Guitarist Dick Taylor tenured in the earliest incarnations of The Rolling Stones, but when he was pushed from guitar to bass after Brian Jones joined the band, he struck out on his own with friend and vocalist Phil May. They corralled a quintet of like-minded mods and headed into the studio as The Pretty Things. Their first two records, “Get The Picture?” and an eponymous effort, were both released in 1965, and though their name was firmly nested in the same furtive circles of fans of The Rolling Stones in their native England, they made no headway into the American audience.
Of the differences between these two acts, the quality of their recordings was significant in their dissemination. Whereas the Rolling Stones’ efforts in that same year (“The Rolling Stones, Now!”, “Out of Our Heads”, and “December’s Children”) sounded fairly polished, The Pretty Things’ records sounded raw and messy. Of course, listening to them now, that raw messiness is what makes these records endearing, but at the time it made them seem less professional. Phil May and Dick Taylor have spoken to this fact, and note that when the records were done, they knew that The Stones would advance to fame and fortune stateside while they languished in relative obscurity.
The Pretty Things’ first two records are steeped in reverence to Bo Diddley (they took their name from a Diddley tune).
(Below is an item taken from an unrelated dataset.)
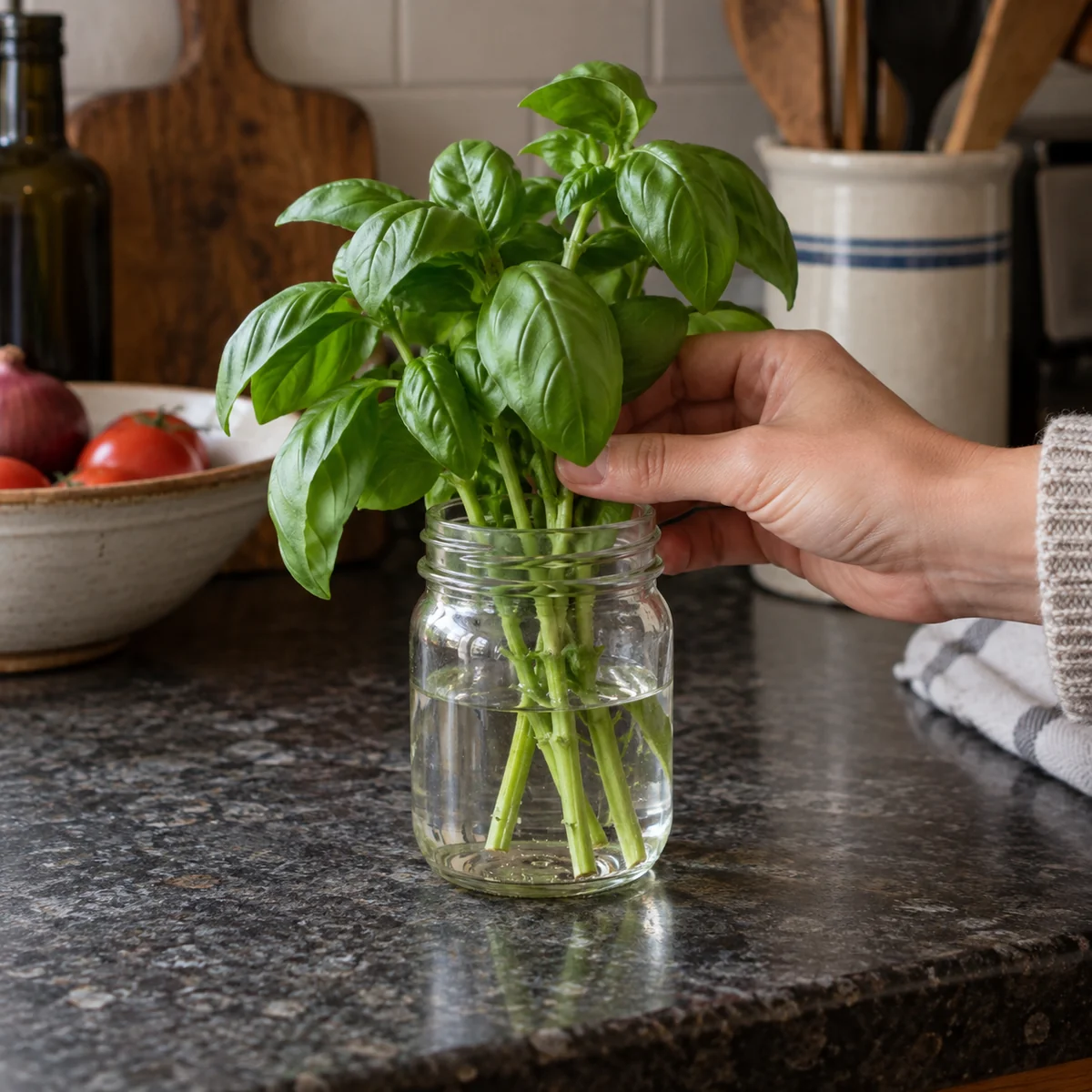 Fresh basil stems standing in a small water jar on a shaded kitchen counter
Phil May’s piercing growl and pointed harmonica give the whole affair a proto-punk feel that The Stones were just not capable of. Dick Taylor’s guitar work is firmly rooted in the electric style of his influences but heads into some noisy territory, and the rhythm section, consisting of bassist John Stax (an apt nom de plume) and drummer Viv Prince, keep the songs treading along a tight line. What they lacked in studio wizardry, they more than made up for in an undiluted and meticulous rendering of the blues. That these five lads were smitten to the core with the blues music of the U.S., and pour it through their hearts unmitigated, is shown dazzlingly on these tracks.
After these first two records, they fumbled into a recording and creative nightmare with their record label on their third album “Emotions”, and then veered into psychedelic rock opera, their opus “S.F. Sorrow” predating The Who’s “Tommy” by half a year. Their psychedelic output of the late 60′s and early 70′s was critically acclaimed, but again, they found no traction among American audiences.
Although it would be a worthwhile endeavor to examine their entire discography, let’s focus our ears on their first two records, simply because they were singular in their vision and provide serve as a great starting point for anyone who has yet to hear this fantastic band. Below is a playlist comprised of selections from “The Pretty Things” and “Get The Picture?”. Both records have been remastered and re-released with bonus tracks and exhaustive liner notes on the Snapper Classics label, and are definitely worth tracking down.
1. Roadrunner – from “The Pretty Things”
2. Oh Baby Doll – from “The Pretty Things”
3. Rosalyn – from “The Pretty Things”
4. Don’t Bring Me Down – from “The Pretty Things”
5. Get Yourself Home – from “The Pretty Things”
6. Judgement Day – from “The Pretty Things”
7. You’ll Never Do It Baby – from “Get The Picture?”
8. Get a Buzz – from “Get The Picture?”
9. L.S.D. – from “Get The Picture?”
10. Gonna Find Me a Substitute – from “Get The Picture?”
11. Buzz The Jerk – from “Get The Picture?”
12. I Want Your Love – from “Get The Picture?”